To explore whether bakuchiol affected viral growth in preinfected cells, 1 × 105 MDCK cells were seeded in each well of a 24-well plate. The cells were infected with A/PR/8/34 (MOI = 0.001) in the infection medium for 1 h at 37 °C under 5% CO2. The infected cells were washed, and then (+)-(S)-bakuchiol or (−)-(R)-bakuchiol (25 μm) was added to the cells in the infection medium supplemented with 3 μg/ml TPCK-treated trypsin. DMSO (0.5%) was the negative control, and ME (50 μm) was the positive control. The cells were then incubated for 24, 48, or 72 h at 37 °C under 5% CO2.

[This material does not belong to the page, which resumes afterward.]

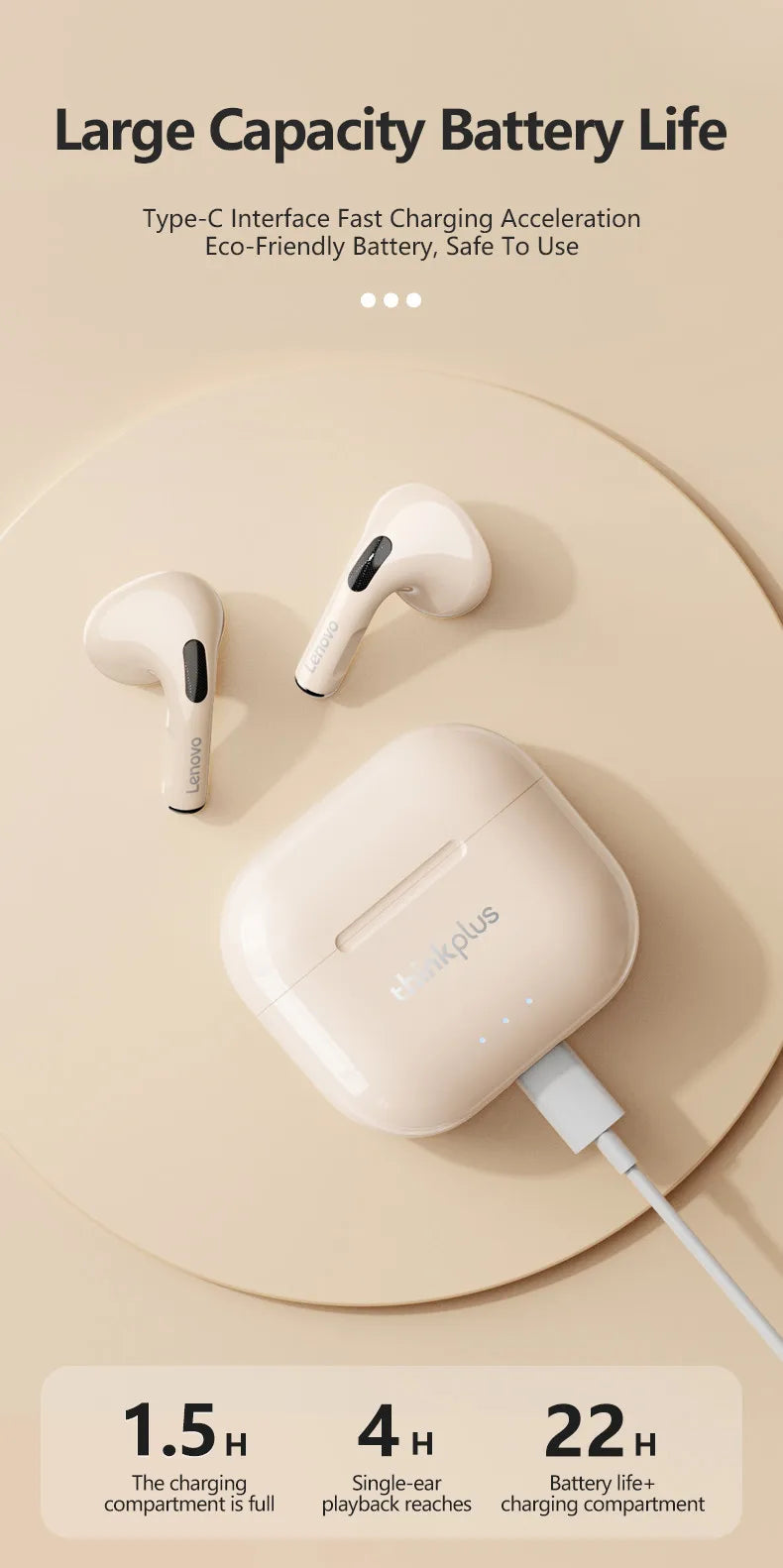 Lenovo LP40 Plus Wireless Bluetooth V5.3 Earphones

Cell culture media were collected from each well at the indicated time points. Serial dilutions of the conditioned media were added to naive monolayers of MDCK cells in a 96-well plate and incubated for 16 h at 37 °C under 5% CO2. The cells were immunostained using FluA-NP 4F1 (SouthernBiotech), as described above (26), and the stained cells were counted. The viral titers in the conditioned media were calculated using these cell numbers (26).
RT-qPCR
Total RNA was extracted from MDCK cell lysates using an RNeasy minikit (Qiagen, GmbH, Hilden, Germany). Total RNA (500 ng) was used to synthesize cDNA using SuperScript VILO (Invitrogen), according to the manufacturer's instructions. The synthesized cDNA was used as a template for RT-qPCR, which was performed using SYBR Green real-time PCR Master Mix (TOYOBO, Osaka, Japan); each gene-specific primer employed is shown in supplemental Table 1. PCR and data analyses were performed on an Applied Biosystems StepOne Plus Real-time PCR system (Life Technologies). Relative expression was calculated by the ΔΔCt method. The levels of viral mRNAs encoding nonstructural protein 1 (NS1), NP, RNA polymerase subunits (PA, PB1, and PB2), and matrix genes (M1 and M2) were normalized to that of 18S ribosomal RNA (rRNA) (29), and the levels of IFN-β, Mx1, NQO1, GSTA3, firefly luciferase, and Renilla luciferase mRNAs were normalized to that of β-actin.
Western Blotting
The cells were lysed in a buffer containing 125 mm Tris-HCl, pH 6.8, 5% SDS, 25% glycerol, 0.1% bromphenol blue, and 10% β-mercaptoethanol and boiled for 5 min. The cell lysates were then separated on a 10% polyacrylamide gel. The proteins were transferred to a polyvinylidene fluoride microporous membrane (Millipore). FluA-NP 4F1 (SouthernBiotech), a goat anti-influenza A viral NS1 antibody (vC-20, Santa Cruz Biotechnology, Inc.), a rabbit anti-firefly luciferase polyclonal antibody (MBL, Nagoya, Japan), and a rabbit anti-Renilla luciferase polyclonal antibody (MBL) were used as primary antibodies to detect their respective proteins. A rabbit anti-β-actin antibody (13E5, Cell Signaling) was used as an internal control. The secondary antibodies, horseradish peroxidase-conjugated goat anti-mouse IgG (SouthernBiotech), donkey anti-goat IgG (sc-2020, Santa Cruz Biotechnology), or goat anti-rabbit IgG (KPL), were used as appropriate. The signals were detected using Western Lightning ECL Pro (PerkinElmer Life Sciences). Signal intensities were measured using ImageJ software, and the protein levels of firefly and Renilla luciferase were normalized to that of β-actin.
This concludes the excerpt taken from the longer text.